Forest rising, Newcastle reeling
Seven league games unbeaten. Three wins on the spin. Across the last eight Premier League fixtures, only Manchester City, Manchester United, Brighton and Arsenal have taken more points than Forest. That is not the profile of a team clinging on. It is the profile of a team surging away from danger.
They sit 16th, but that number is deceptive. Forest are just three points behind Newcastle and six clear of West Ham in 18th. The gap to the bottom has opened up. The gap to the middle of the table is shrinking.

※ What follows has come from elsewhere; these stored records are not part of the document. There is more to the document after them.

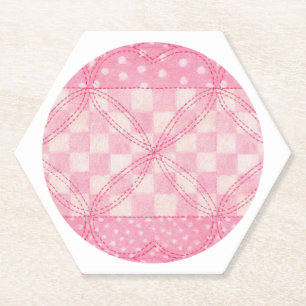 Dessous-de-verre En Papier Dessous de verre Hexagon COEUR ROSE QUILT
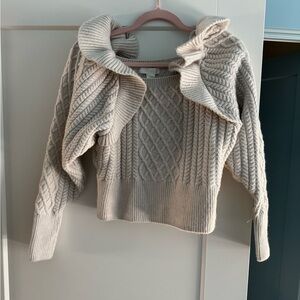 H&M ruffle shoulder cable knit cropped sweater beige size medium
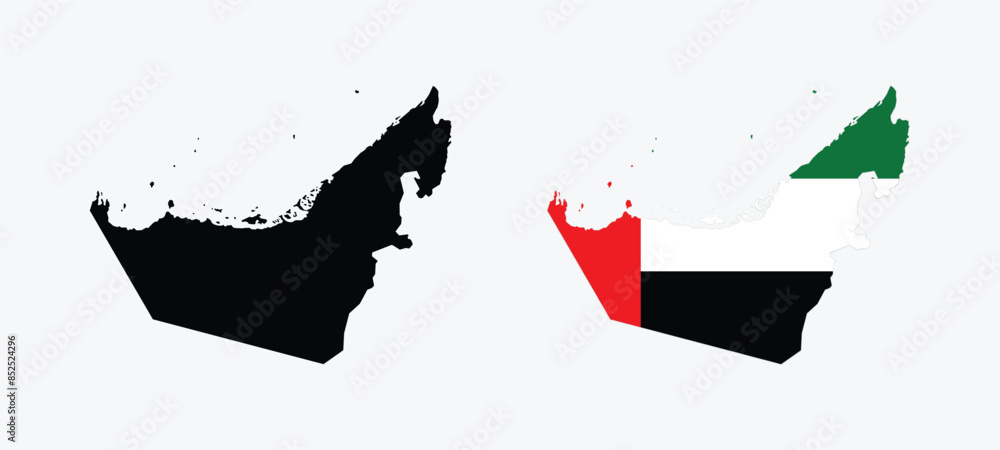 Vector United Arab Emirates Map. Map of United Arab Emirates with ...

Pereira’s impact has been sharp and obvious. Forest look fitter, more aggressive, more purposeful with the ball. The Europa League run underlines it: a 1-0 win over Aston Villa in the semi-final first leg has put them within touching distance of a European final. By the time Newcastle step out at the City Ground, Forest will already know whether that dream lives on.
Newcastle, by contrast, are watching their own European ambitions fade. Champions League participants earlier in the campaign, they now sit 13th. Eddie Howe’s side snapped a four-game losing streak in this competition with a win over Brighton last week, but it felt more like a pause in the slide than the start of a charge.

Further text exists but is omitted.